I don’t have much of an attention span post-processing videos - just because of the amount of time it takes to create a decent movie - I might gather clips and all, but don’t feel like diving into that world, as of now - though my mind is open and things can change.
What was your encounter with Tejas at the Aero India Show 2011 like?
Well word was out that day that the Tejas will fly twice - and I was excited to see it after seeing it in 2009. I was more interested to see what modifications they had done to her display profile since 2009. While I was trying to sort out my pass for the event at Brigade Road, my mind was more focused on being at Yelahanka where the show was being held. Finally we made it out to the field, and just about in time - I heard the familiar noise of a jet engine spooling up - it was the engine of the Tejas and after a short while it taxied out. When I first saw it thundering down the runway, my eyes lit up - they had added the Smoke winders - smoke generators on the wingtips that generate smoke and add to the visual treat.
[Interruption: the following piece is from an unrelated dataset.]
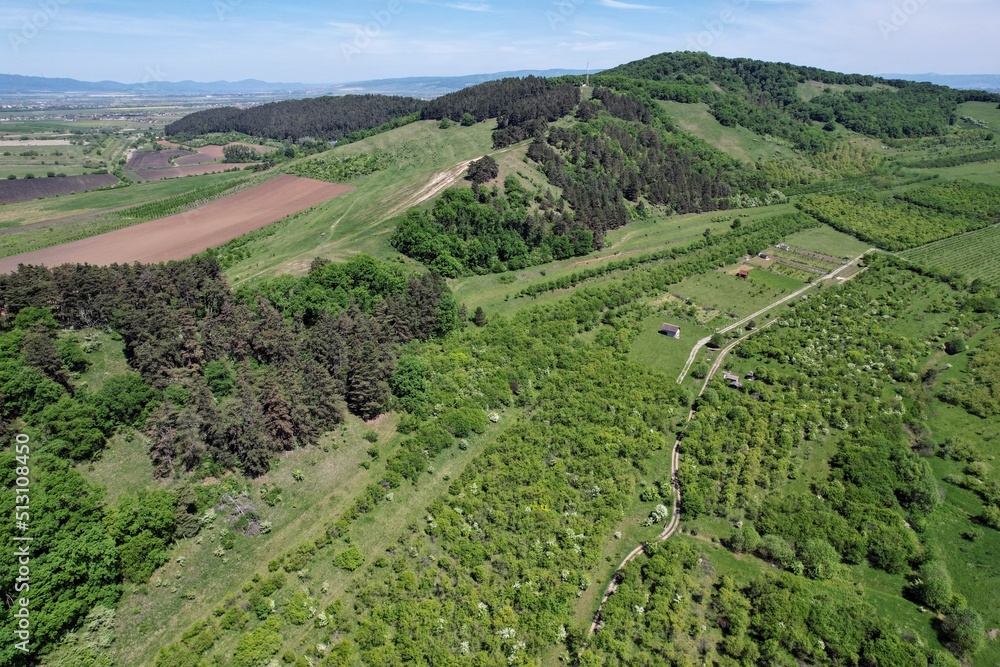 Aerial view of agricultural land covering uneven terrain of hills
Apart from photographing Tejas, what is your opinion on how the Tejas programme has contributed as a whole to India's capability in terms of design and development of fighter aircraft?
I think that there is tremendous scope of stimulating aerospace and allied industries in our country. The Tejas programme has spurred a lot of big corporates as well as small time but, specialized companies in developing and mass producing aerospace components.
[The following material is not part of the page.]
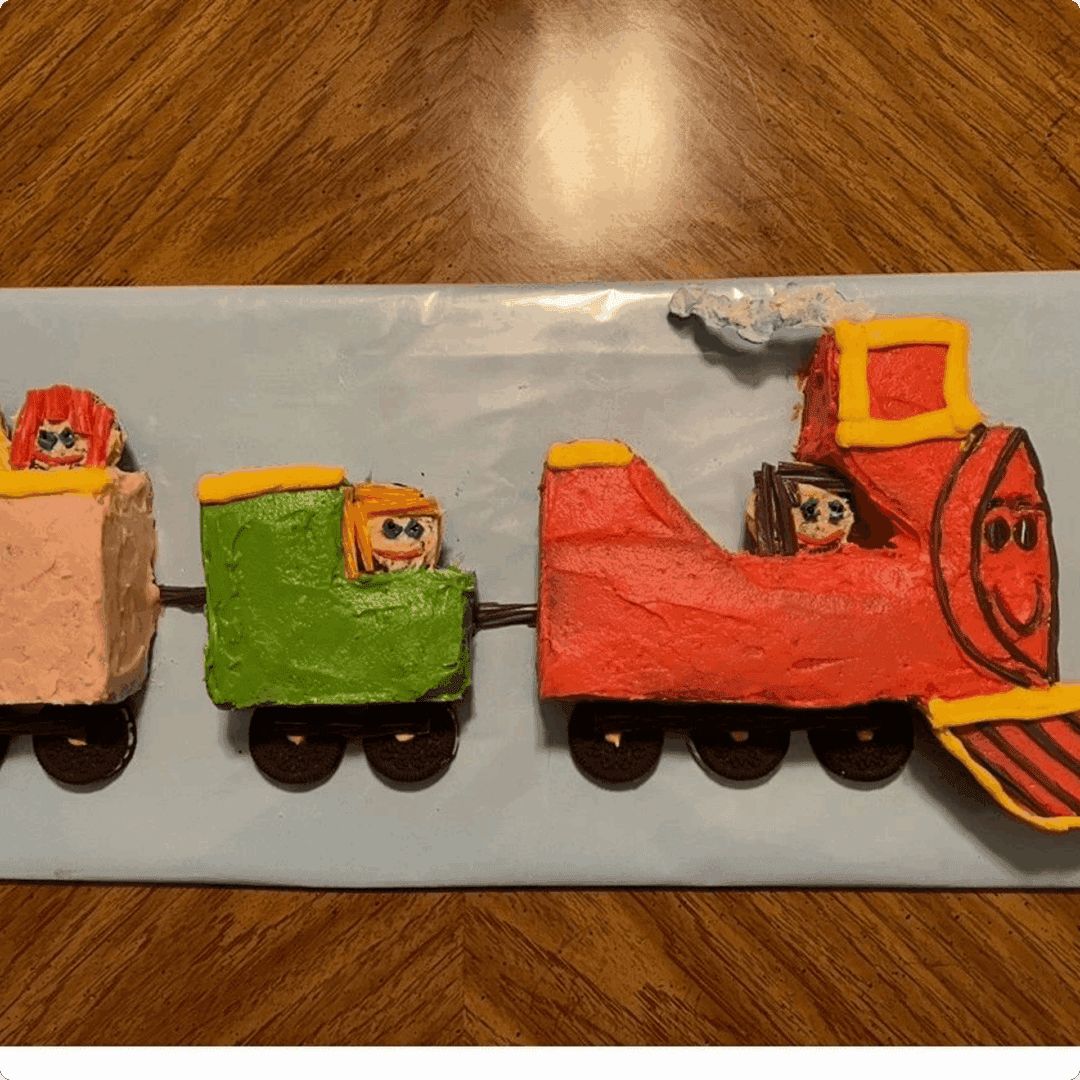 Three train-shaped cakes with colorful icing and faces on them.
How different is photographing Tejas as compared to other contemporary aircraft?
The Tejas is a much more compact and small sized aircraft as compared to the others and that makes it very difficult to track. Add to that if the weather is not cooperative - sky is grey - then it does not help the camera in tracking it, since there is no contrast. That I think is the biggest difference in snapping Tejas compared to other aircraft.
Given your love for photographing different fighter aircraft, do you feel a sense of pride when you see Tejas?
Of course! I had been taking pictures of US and other aircraft for quite some years. So when I heard the IAF is going to be in town for the Red Flag exercises I jumped at the opportunity. It is a natural feeling of pride that one gets when he/she is taking pictures of aircraft flown in their country's colours. To top it, it is a great feeling to take pictures of something that your nation has produced. Part of photographing indigenous aircraft is one appreciates the time, effort and energy put into this by the individuals who have worked on this aircraft. It’s all the systems and wires, and mechanical parts that come together acting as a system to put the aircraft in the air.
Which is your favourite Tejas photo and why?
I love all of them - but a couple are my favourites. One is of the Tejas rocketing skywards with the afterburner lit - the rings of the engines are partially seen in that shot - feels like "Touch the Sky with Glory". And the second one is of a roll caught at the right time - looking at it almost feels like the Tejas is rolling in for a simulated ground attack and stops just short of rockets and guns blazing.
You have taken up flying yourself. Which aircrafts have you flown till date?
I first flew in a Primorets Glider in Nashik and soloed in it in 1994. After that fast forward 11 years to 2005, when I flew the Cessna 152 in my first flight with my instructor, but then decided to go with the Cessna 172 Skyhawk for the remainder of the training, and that is what I fly today.
What has your own experience of flying been like?
Flying for me is like trying to find a new world, within. It acts as a de-stressor from the problems of the world I live in. It gives one a different perspective on the mundane things he/she does in normal life. It is something special, not ordinary. If I haven’t done flying lately, the mind itches to get back in the air. Again, it is refreshing, awesome, and an unforgiving experience - one needs to be ahead of the aircraft; otherwise it leads you, not the other way round. When I am up there; it’s only flying, instruments, ATC communications, and the view that is on my mind - nothing else matters.